Thomas Ender (Vienna, Austria, 1793 - 1875, Vienna, Austria)

19th century CE
Graphite on wove paper, 8 1/2 x 6 7/8 in.
Gift of The Frederick and Lucy S. Herman Foundation, 2007.15.32

Object Type: Drawing and Watercolor

Goedde Class
Traces of the Hand: Master Drawings from the Collection of Frederic and Lucy S. Herman | January 25, 2013 - May 26, 2013

Thomas Ender
Austrian, 1793–1875
Study of Trees with Three Figures in a Landscape, ca. 1815
Graphite on wove paper, 8 1½2 x 6 7½8 in, 21.59 x 17.46 cm (sheet)
Provenance: Acquired from Joseph Fach, Frankfurt am Main, 1972
Inscriptions: (verso) “Ender Thomas Wien 1793-1875 AB SAA 172”
Gift of The Frederick and Lucy S. Herman Foundation, 2007.15.32

Thomas Ender was among the most important figures in Austrian art in the first half of the nineteenth century. A prolific draughtsman and watercolorist, Ender began his artistic training at the Vienna Academy in 1806 and flourished in the depiction of landscapes from 1810 on. It was around this time that he broke from the academic landscapes promoted during his training in favor of those taken directly from nature by his contemporaries Franz Steinfeld (1787–1868) and Josef Mössmer 1780–1845). Ender won the grand prize from the Academy in 1816, traveled to Brazil in the following year at the behest of Prince Metternich to record the local landscape, and served as corrector and professor at the Academy from 1836 until 1849. He is particularly known for his topographically accurate Alpine views in watercolor and etching.1

The present drawing is almost assuredly an early work by the artist, still showing the vestiges of his classical training in the inclusion of the staffage in the right foreground. However, the focus on a single clump of trees, presumably taken directly from nature, reflects his new sensibilities. This drawing distinctly resembles a landscape painting of about 1810 in a private collection.2 It also shares compositional features and an almost compulsive rendering of leaves with a number of Ender’s etchings from 1813–1817. It is particularly close to his Figures in the Prater, which shows a similar group of figures relaxing below a clump of trees in the Viennese park.3

While Ender typically finished his pencil drawings with watercolor, works executed solely in pencil are not entirely unknown, especially early in his career. A number of drawings from Ender’s time in Brazil were executed in pencil without the addition of color.4 Given the drawing’s close stylistic relationship with a number of Ender’s etchings, it is equally possible that the present work was conceived in preparation for a print that never came to fruition.

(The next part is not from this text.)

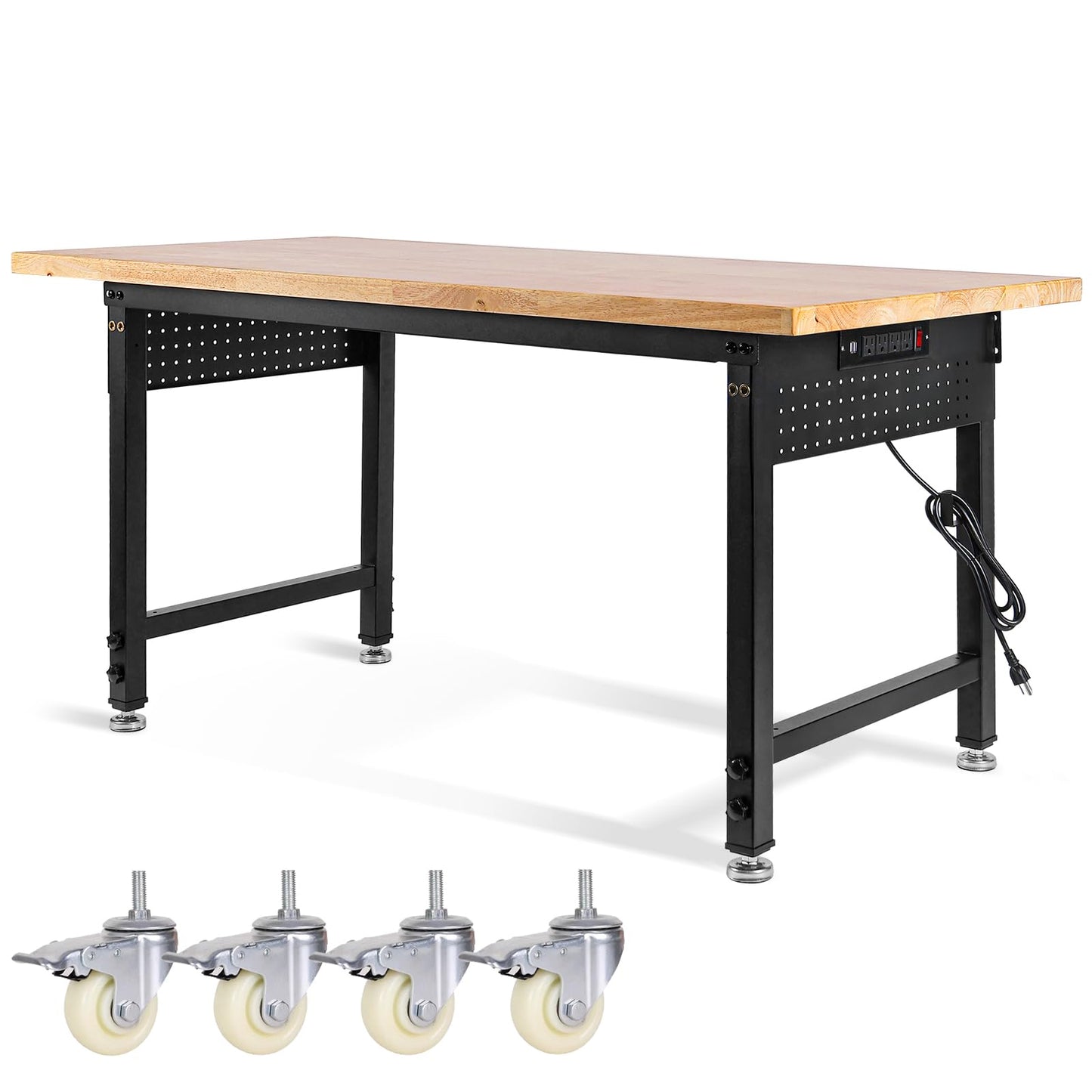 MUWOOD Height Adjustable Workbench with Wheels 60”×22” Heavy Duty Work Table 2000 LBS Capacity Rolling Work Table Rubber Wood Work Station with Power Outlet & Pegboard for Garage, Office, Workshop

During the Biedermeier Period (1815–1848), Austrians particularly prized landscape views of a natural world rendered objectively but characterized as more majestic than human beings.5 This drawing belongs to that body of work with its enormous towering tree, lovingly rendered to the minutest leaf, while the figures are anonymous and minuscule, competing with the over-sized vegetation in the foreground.

Emily Fenichel
Colleen Bowen
John Hawley


1Walter Koschatzky, Thomas Ender 1793–1875: Kammermaler Erzherzog Johanns, Graz, 1982. See also Walter Koschatzky, Viennese Watercolors of the Nineteenth Century, New York, 1988, 70–71, 274–275.
2Koschatzky, Thomas Ender, 14, fig. 5.
3Koschatzky, Thomas Ender, 22, fig. 15; cf. also 174, figs. 1–6.
4See especially Lygia da Fonseca Fernandes da Cunha, Catálgo de desenhos, Rio de Janeiro, 1968.
5Georg Himmelheber, Biedermeier 1815–1835, Munich, 1989, 33.